Furiosa is sent on a mission to find gasoline. Watching from the citadel he calls home, Immortan realizes something is wrong when his most trusted general suddenly drives off route. Charging into his apartment, he finds that five of his women or ‘breeders’ as he calls them are missing. Furiosa has abducted them and is taking them to The Green Place, a paradise of sorts she grew up in and hasn’t visited for nineteen and so years.
Then begins a road chase of high octane energy belonging in the wastelands they were shot in. Visually, Miller serves a full plate of dry desert landscapes during the day, waterlogged marshes at night – and a particularly scary-looking sandstorm that looks like something from a Stephen King novel that came to life.
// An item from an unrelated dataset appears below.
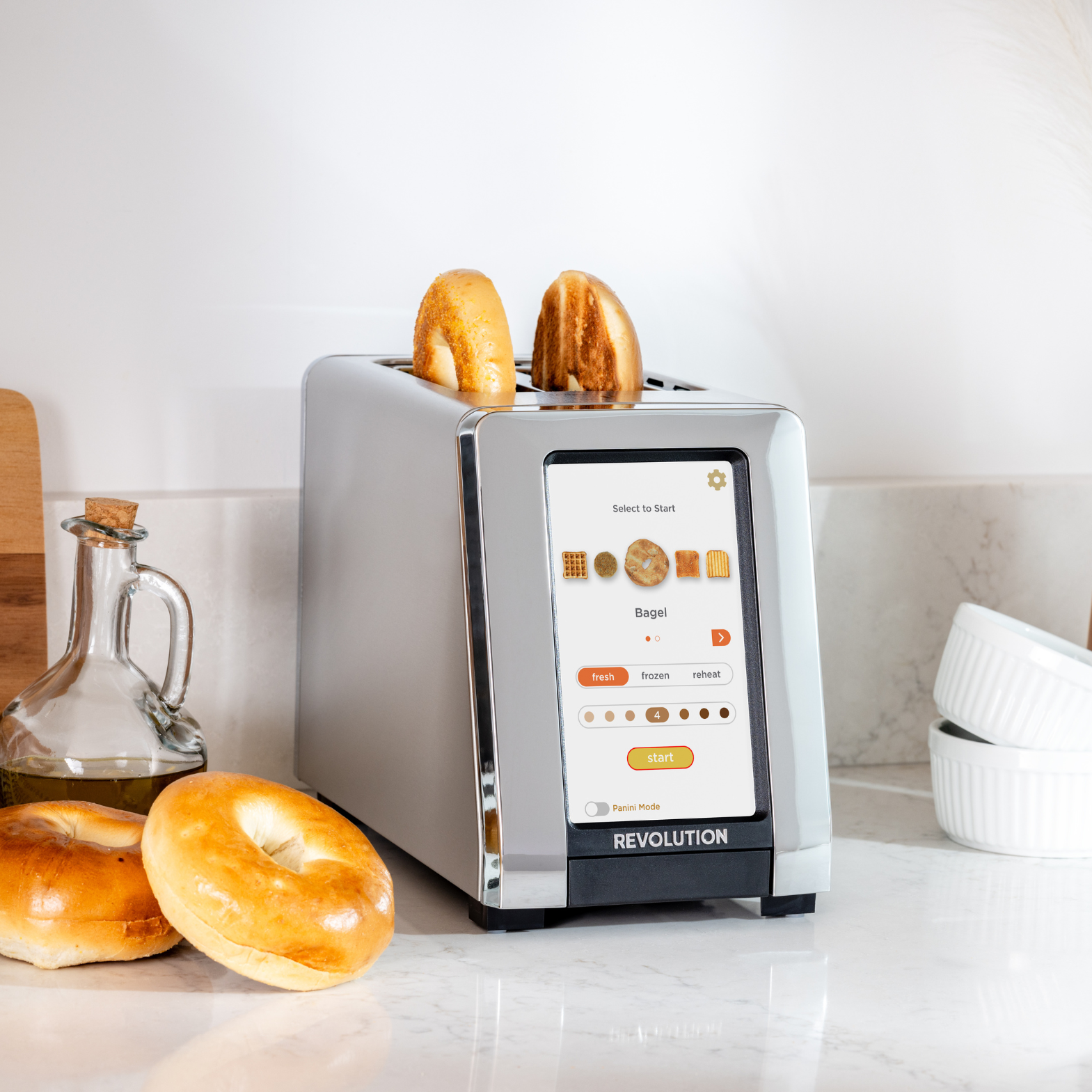 The Renewed R180 Smart Toaster by Revolution Cooking showcases its InstaGLO heating system with bagels being toasted on a digital display, offering options like Panini Mode. Two bagels are inside and one nearby, while olive oil and stacked dishes adorn the counter.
The energy is kept on an even keel throughout the movie, and the action scenes/sequences are just as intense.
What makes Fury Road special for me is the emotional core that such a supposed heartless and dumb action movie possesses. Max goes from the lone soldier who wants to survive to the leader who takes care and guides the girls and Furiosa and her people (from the once-Green-Place-now-barren desert) back to their real home – Immortan’s Citadel. He saves Furiosa’s life by stabbing her in the side to relieve pressure from her collapsed lung – and then gives her an impromptu blood transfusion. Nux bonds emotionally with the beautiful Riley Keough’s redheaded character, telling her about being a failure because three times the great doors of Valhalla (‘hall of the slain’ in Norse mythology where the honorable dead go) opened up for him, and three times he failed. Nux is presented as a suicide case; from the beginning of the movie it’s clear he wants to die; we know he is going to – but it still hurts slightly when he does, sacrificing himself to save the rest.
The War Boys are post-apocalyptic versions of suicide bombers – rushing into battle headlong and carelessly, hoping to die with dignity. You can see the jealousy on their faces as they watch another of their numbers die grimly.
I like how the movie was made; a new movie if you’re unaware of the Mel Gibson trilogy, a continuation if you’re a fan. It simply continues breathing and doesn’t miss a step.
There’s so much to say about the movie – and I have prattled long enough already. If you are yet to see it, see that you do. You would at least want to know why I would just be reviewing a movie that was in the cinemas almost a year ago – and you should want to know why it’s on my list of Greatest Movies of All Time.
Don’t worry. You’ll meet them all in due time.
Meanwhile, you can still catch Tom Hardy’s cool coldness in The Revenant, still showing.
I’m holding my breath for the next installment in the Mad Max franchise.